Incrementality: You’ll see this term a lot and it really just means “causality”. “Incremental testing” is the same thing as doing causal inference (although, sometimes this can specifically be referring to experiments). An “incremental impact” is a causal effect. The “incrementality of a channel” refers to the causal effect of spending for a given channel. It’s not the most intuitive because the root “incremental” kind of makes an effect sound small/trivial, but this is not something unique to marketing science. After all, we use the term “marginal effect” (which sounds tiny) to describe the effect of a 1-unit change in an exposure level on the outcome, even if that change is going from zero to one for a dummy variable.
Attribution: This one is trickier because, at a broad level, it’s not really anything different from incrementality/causality. What channel(s) do we attribute the sales/conversions, etc. to? That sounds like more causal inference. However, you’ll often see a sharp difference in what incrementality and attribution are referring to. In particular, attribution is often tied to a very simplistic, assumption-free correlation strategy of assigning credit to channels. This strategy varies between different types (last-click attribution, multi-touch attribution, etc.) but the core idea is to assign credit for a conversion to a channel if a user interacted with that channel before converting. There’s obviously a lot of limits here. It doesn’t adjust for any confounding. It doesn’t estimate the counterfactual. We don’t model out (if it’s even possible) the potential post-treatment nature of a conversion (such as seeing an ad on TV and then using branded paid media search to purchase a product). These differences are why you’ll see folks refer to incrementality and attribution as separate things. Attribution “modeling” would never pass in causal academic research, but it is appealing for many reasons. It’s simplistic and intuitive and, if you’re a small company that can’t afford a huge marketing budget, you can do attribution modeling for pretty cheap. So, while the term itself sounds a lot like causal inference, “attribution” is most likely just going to be referring to poor attempts at causal inference.
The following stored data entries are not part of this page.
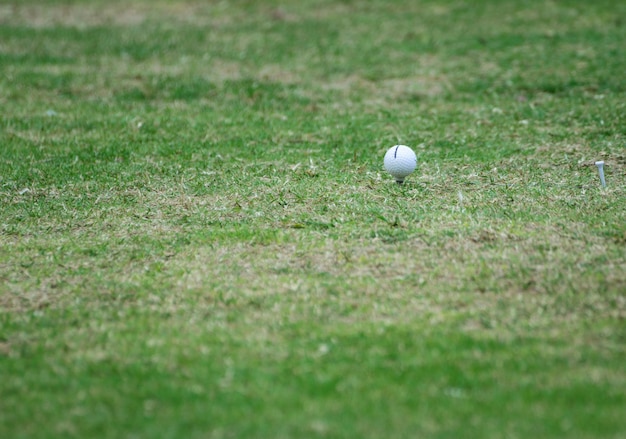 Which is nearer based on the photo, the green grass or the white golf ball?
the green grass

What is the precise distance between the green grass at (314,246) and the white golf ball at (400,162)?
0.17m

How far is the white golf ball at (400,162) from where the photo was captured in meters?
7.80

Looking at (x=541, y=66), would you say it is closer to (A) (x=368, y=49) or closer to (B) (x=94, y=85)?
(A) (x=368, y=49)

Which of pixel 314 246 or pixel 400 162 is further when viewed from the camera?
pixel 400 162

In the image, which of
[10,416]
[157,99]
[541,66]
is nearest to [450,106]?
[541,66]

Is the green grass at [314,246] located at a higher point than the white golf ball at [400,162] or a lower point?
lower

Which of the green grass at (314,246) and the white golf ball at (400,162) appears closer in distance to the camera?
the green grass at (314,246)

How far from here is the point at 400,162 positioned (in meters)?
7.80

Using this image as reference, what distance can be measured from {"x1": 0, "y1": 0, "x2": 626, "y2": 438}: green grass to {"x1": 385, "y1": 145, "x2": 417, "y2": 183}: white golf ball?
0.55 feet

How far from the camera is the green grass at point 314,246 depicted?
430cm

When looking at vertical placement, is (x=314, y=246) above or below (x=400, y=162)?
below

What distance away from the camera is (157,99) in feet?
39.4

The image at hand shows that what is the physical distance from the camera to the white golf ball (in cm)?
780

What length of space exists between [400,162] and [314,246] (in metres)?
1.80
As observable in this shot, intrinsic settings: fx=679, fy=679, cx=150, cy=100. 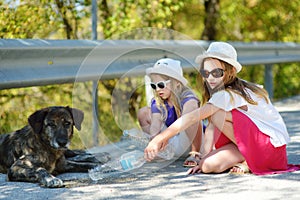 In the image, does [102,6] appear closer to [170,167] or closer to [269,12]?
[170,167]

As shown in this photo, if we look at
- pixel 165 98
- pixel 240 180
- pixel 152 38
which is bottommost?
pixel 240 180

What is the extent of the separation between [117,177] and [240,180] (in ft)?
3.16

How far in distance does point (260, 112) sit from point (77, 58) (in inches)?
75.2

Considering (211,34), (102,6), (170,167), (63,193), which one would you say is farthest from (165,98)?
(211,34)

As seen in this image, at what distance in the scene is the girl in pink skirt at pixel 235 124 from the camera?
17.8ft

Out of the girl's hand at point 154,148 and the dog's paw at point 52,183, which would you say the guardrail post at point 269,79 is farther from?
the dog's paw at point 52,183

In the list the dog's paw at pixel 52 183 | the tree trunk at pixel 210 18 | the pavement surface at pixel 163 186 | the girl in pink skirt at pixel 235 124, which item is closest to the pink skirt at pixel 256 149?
the girl in pink skirt at pixel 235 124

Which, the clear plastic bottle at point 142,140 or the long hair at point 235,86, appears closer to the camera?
the long hair at point 235,86

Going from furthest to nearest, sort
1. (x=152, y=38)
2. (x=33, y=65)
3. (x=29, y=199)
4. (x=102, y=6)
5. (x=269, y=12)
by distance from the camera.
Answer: (x=269, y=12) → (x=102, y=6) → (x=152, y=38) → (x=33, y=65) → (x=29, y=199)

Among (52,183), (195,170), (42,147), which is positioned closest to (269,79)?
(195,170)

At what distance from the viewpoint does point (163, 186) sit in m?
4.91

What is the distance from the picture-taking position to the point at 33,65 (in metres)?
5.98

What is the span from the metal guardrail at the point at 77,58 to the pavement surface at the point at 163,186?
91 centimetres

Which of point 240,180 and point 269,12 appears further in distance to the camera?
point 269,12
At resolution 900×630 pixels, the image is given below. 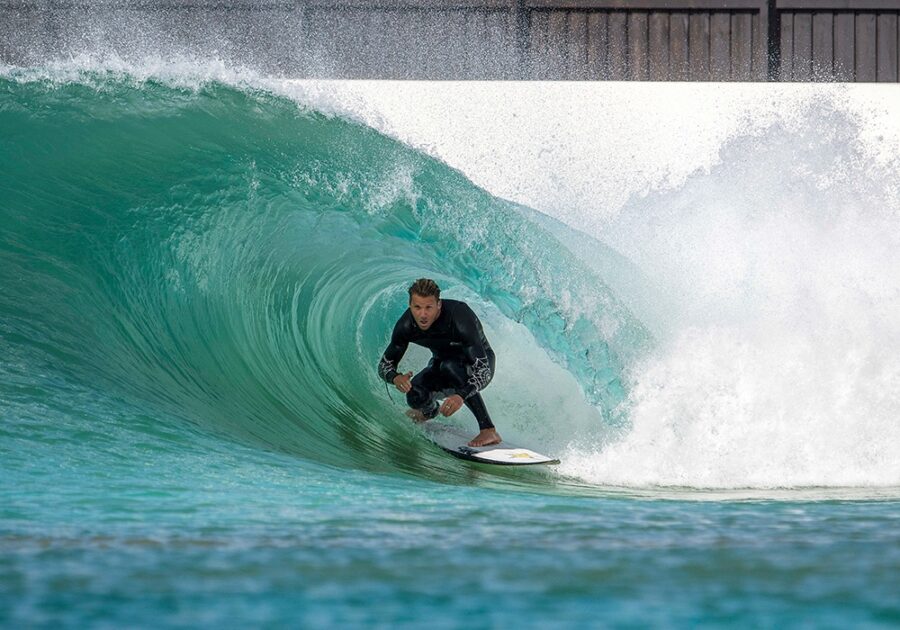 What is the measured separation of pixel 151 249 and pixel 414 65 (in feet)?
14.2

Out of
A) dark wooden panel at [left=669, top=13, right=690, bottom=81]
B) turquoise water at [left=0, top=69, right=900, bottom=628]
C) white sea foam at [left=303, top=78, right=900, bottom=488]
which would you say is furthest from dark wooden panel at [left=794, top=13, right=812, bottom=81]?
turquoise water at [left=0, top=69, right=900, bottom=628]

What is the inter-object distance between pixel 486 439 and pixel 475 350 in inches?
12.8

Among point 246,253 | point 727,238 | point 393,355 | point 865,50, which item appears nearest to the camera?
point 393,355

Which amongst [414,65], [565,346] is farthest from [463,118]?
[565,346]

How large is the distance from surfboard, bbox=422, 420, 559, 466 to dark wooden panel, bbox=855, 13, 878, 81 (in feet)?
18.9

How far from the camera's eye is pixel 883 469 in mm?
3658

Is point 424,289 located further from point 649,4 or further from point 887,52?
point 887,52

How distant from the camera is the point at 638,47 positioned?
8602mm

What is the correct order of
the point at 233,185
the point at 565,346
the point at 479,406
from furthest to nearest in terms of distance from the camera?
the point at 233,185, the point at 565,346, the point at 479,406

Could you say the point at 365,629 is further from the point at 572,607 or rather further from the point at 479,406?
the point at 479,406

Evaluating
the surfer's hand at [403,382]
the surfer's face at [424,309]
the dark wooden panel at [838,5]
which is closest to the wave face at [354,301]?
the surfer's hand at [403,382]

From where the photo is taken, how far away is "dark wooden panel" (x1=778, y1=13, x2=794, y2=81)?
8523 millimetres

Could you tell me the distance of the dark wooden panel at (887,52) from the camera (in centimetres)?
864

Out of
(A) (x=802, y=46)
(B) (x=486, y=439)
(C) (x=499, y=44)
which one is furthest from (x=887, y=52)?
(B) (x=486, y=439) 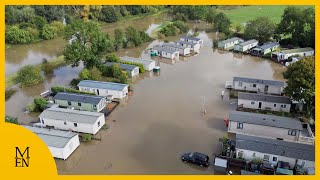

Marketing Measurement: This one is my least favorite! Because when I hear the term “measurement”’, I’m thinking of a purely descriptive task like, “how do we measure democracy?” or “does this survey item accurately capture what we want it to?”. Measurement is a term that, at least in my head, lies within a totally different category of science than causality. And yet, “marketing measurement” kind of just refers to any attempts to estimate the effect of a media channel on some outcome of interest. I think it would be fair to say that “marketing measurement” is the same thing as “causal inference in a marketing context”.
Lift: This is yet another term to describe a causal effect. In a sentence, we could say that our experiment found positive lift for a given ad campaign on some outcome of interest. Not a fan of this term because it sort of feels directionally loaded (“lift” kind of always sounds like a good thing but null and negative effects are a thing.) Sometimes, you’ll see “incremental lift” too but it all boils down to a treatment effect.
Lift Test: This is another way to just say an experiment or, in some cases, an experiment with some assumptions relaxed. Unsurprisingly, I don’t love this term as well, because, within marketing jargon, you can estimate lift via things that aren’t considered lift tests (such as MMMs… see below).
A/B Test: This one isn’t necessarily claimed by marketing science but marketing scientists do run A/B tests. This is actually a pretty common term that I think a lot of folks are familiar with now-a-days, but in case you are not, no worries! An A/B test is just an online RCT. Some users are randomly exposed to ad A and others to ad B. We compare the difference in the outcome between the two groups and you’ve got an A/B test. You could literally just call it a “control/treatment” test but that doesn’t roll off the tongue as nice.
Geo-Lift Test: This is a type of experiment with relaxed assumptions regarding treatment assignment. Rather than randomizing based on the individual, you aggregate and randomize based on some geographic entity (county, state, etc.). Some geographic units will randomly be exposed to the treatment while others will not. Things are obviously a bit less precise this way, and you now have to defend more difficult identification assumptions, but this is a viable alternative for situations in which you don’t have access to individual-level data, but you can observe higher-level more anonymized differences between geo-units. In addition, because the baseline differences between treatment/control units can be quite large, you’re going to have to use some modeling as well to account for that.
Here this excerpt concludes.